The results are shown in Table 2. In the table, + means that fluorescence was observed, that is, detection of the Hiotoshi bacteria, and - means that no fluorescence was emitted. B7, D3, D8, G9
, H6 are the same as in Table 1.

As shown in Tables 1 and 2, by appropriately combining the monoclonal antibodies of the present invention, it is possible not only to detect Hiotochibacterium but also to identify specific Hiotochibacterium.

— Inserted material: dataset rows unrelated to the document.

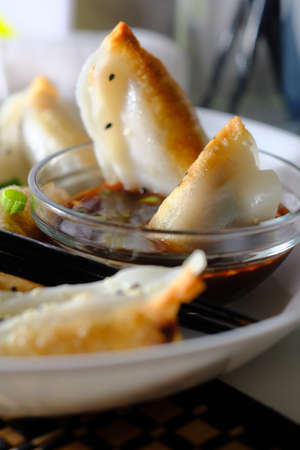 Homemade fried Asian potsticker dumpling appetizer with spicy ponzu dipping sauceの写真素材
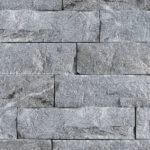 A zoomed in picture of neatly stacked Imperial Gray Granite.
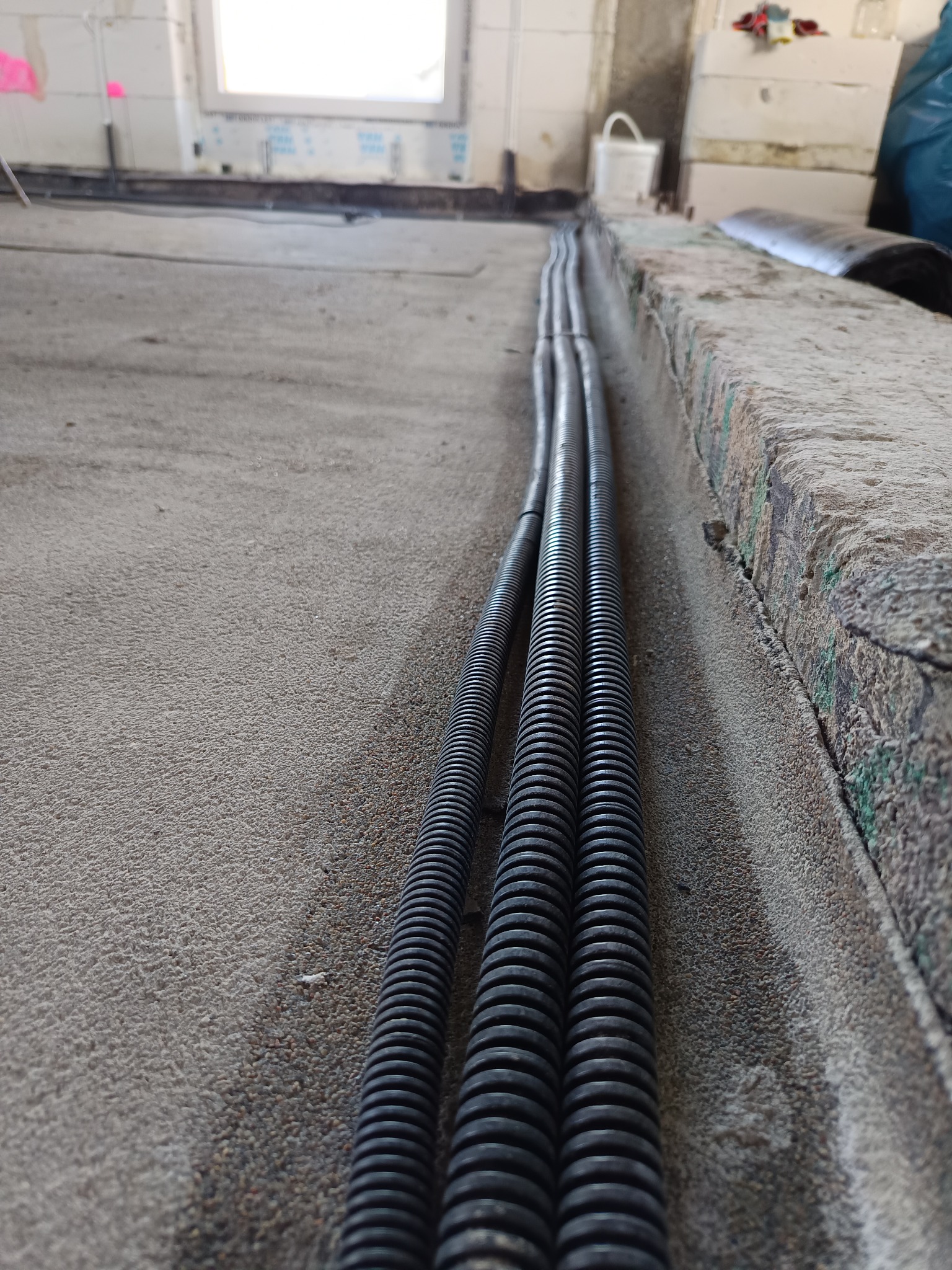 Trzy czarne rury karbowane ułożone równolegle na szarej, betonowej podłodze w surowym wnętrzu budynku w trakcie prac instalacyjnych. Widoczne okno w tle.
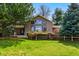 Inviting home showcasing large window, lush greenery, and well-maintained lawn at 182 Ridge Rd, Boulder, CO 80303
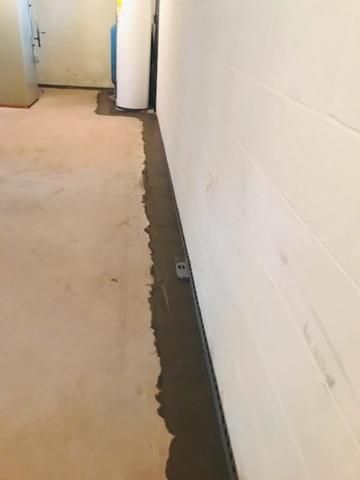 An immaculate basement floor showing a freshly poured concrete trench patch covering an installed WaterGuard interior drainage system along a clean white block wall in Webster, WI.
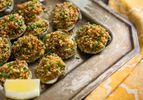 A tray of easy, ultimate Clams Casino with a lemon wedge. 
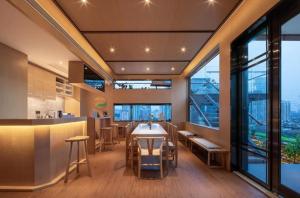 a restaurant with a table and chairs and large windows at 隐栖堂酒店 成都太古里合江亭店 in Chengdu
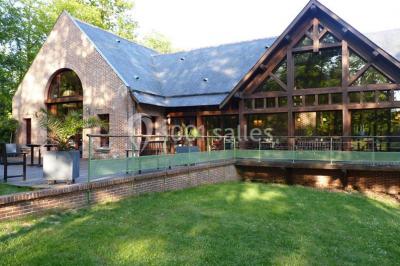 Maison en bois éclairée la nuit, entourée d'arbres illuminés, sous un ciel nuageux avec la lune visible.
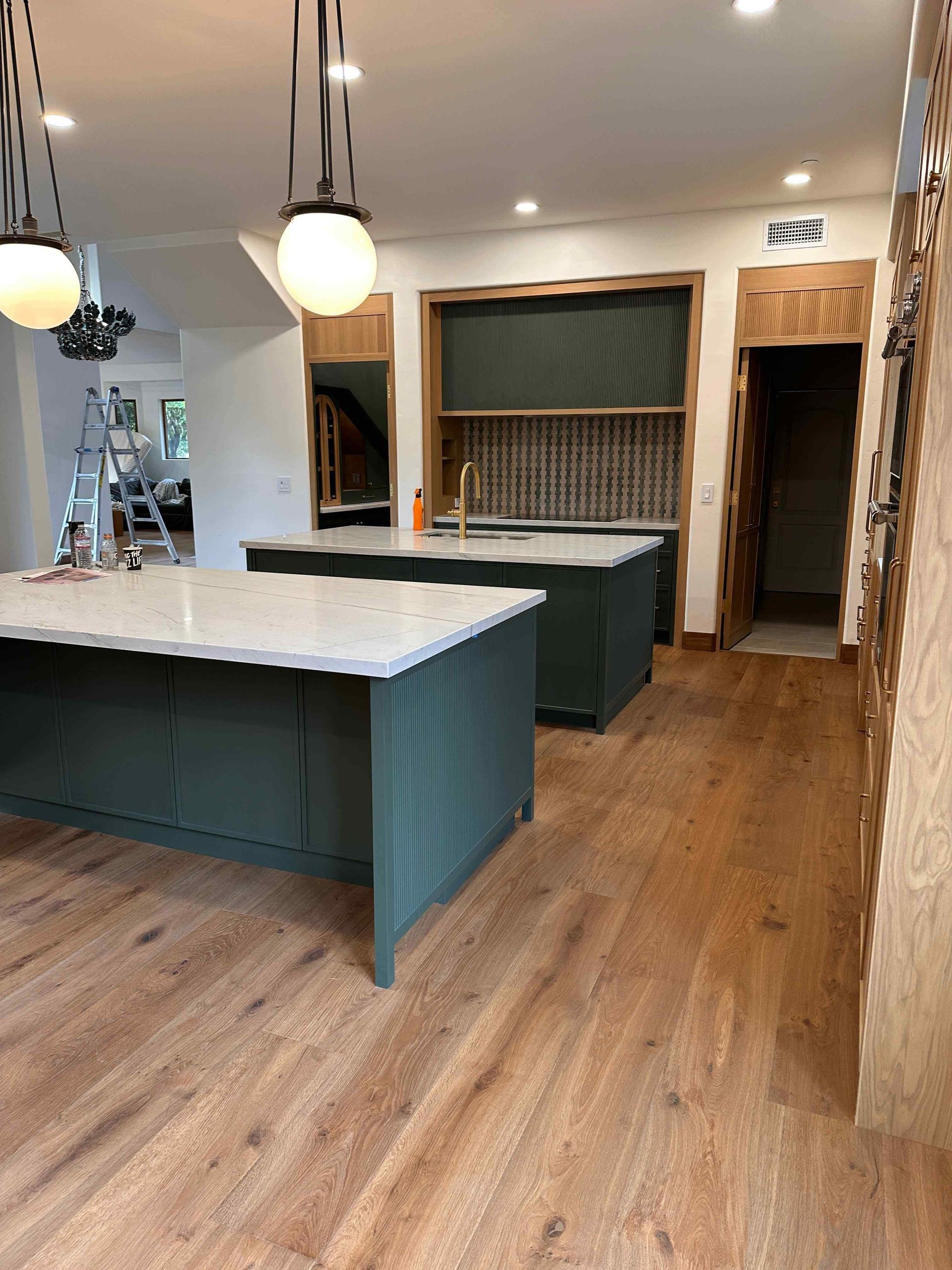 Modern kitchen with teal islands, wood floors, pendant lights, and built-in shelving.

Patent distributor Ozeki Sake Brewery Co., Ltd.

Claims (12)

[Claims] (1) Monoclonal antibody active against Hiotachi bacteria. (2) A monoclonal antibody produced by a hybridoma formed by the fusion of myeloma cells and cells derived from mammalian spleen cells that have been previously immunized against Hiochi bacteria, and which reacts preferentially with Hiochi bacteria. Monoclonal antibody described in (1). (3) The above (1) labeled with a fluorescent dye or enzyme
Monoclonal antibody according to paragraph or paragraph (2). (4) The monoclonal antibody according to item (3) above, wherein the fluorescent dye is fluorescein or rhodamine. (5) The monoclonal antibody according to item (3) above, wherein the enzyme is peroxidase, alkaline phosphatase or β-galactosidase. (6) The above-mentioned (1) or
2) Monoclonal antibody. (7) The monoclonal antibody according to item (6) above, wherein the marker is avidin and the group containing a structure for binding the marker is N-hydroxysuccinimide. (8) formed by the fusion of myeloma cells and cells derived from mammalian spleen cells previously immunized against Hirochibacterium;
Hybridomas capable of producing monoclonal antibodies active against Hiotochibacterium are cultured, and the produced monoclonal antibodies are isolated and purified, and optionally labeled with a fluorescent dye or enzyme, or labeled with a marker for microscopic observation. A method for producing a monoclonal antibody active against Hirochibacterium, which comprises chemically bonding a group containing a structure for bonding. (9) A hybridoma having the ability to produce monoclonal antibodies active against Hiotachi bacteria. (10) formed by the fusion of myeloma cells and cells derived from mammalian spleen cells that have been previously immunized against Hirochi bacteria;
The selected hybridoma of item (9) above. (11) A method for detecting and identifying Hiotoshi bacteria, which comprises contacting the sample with a monoclonal antibody active against Hiotchi bacteria, and determining the presence or absence of Hiotchi bacteria in the specimen through an antigen-antibody reaction. (12) A reagent kit for detection and identification of Hiotobacterium, which comprises a monoclonal antibody active against Hiotobacterium as an essential component.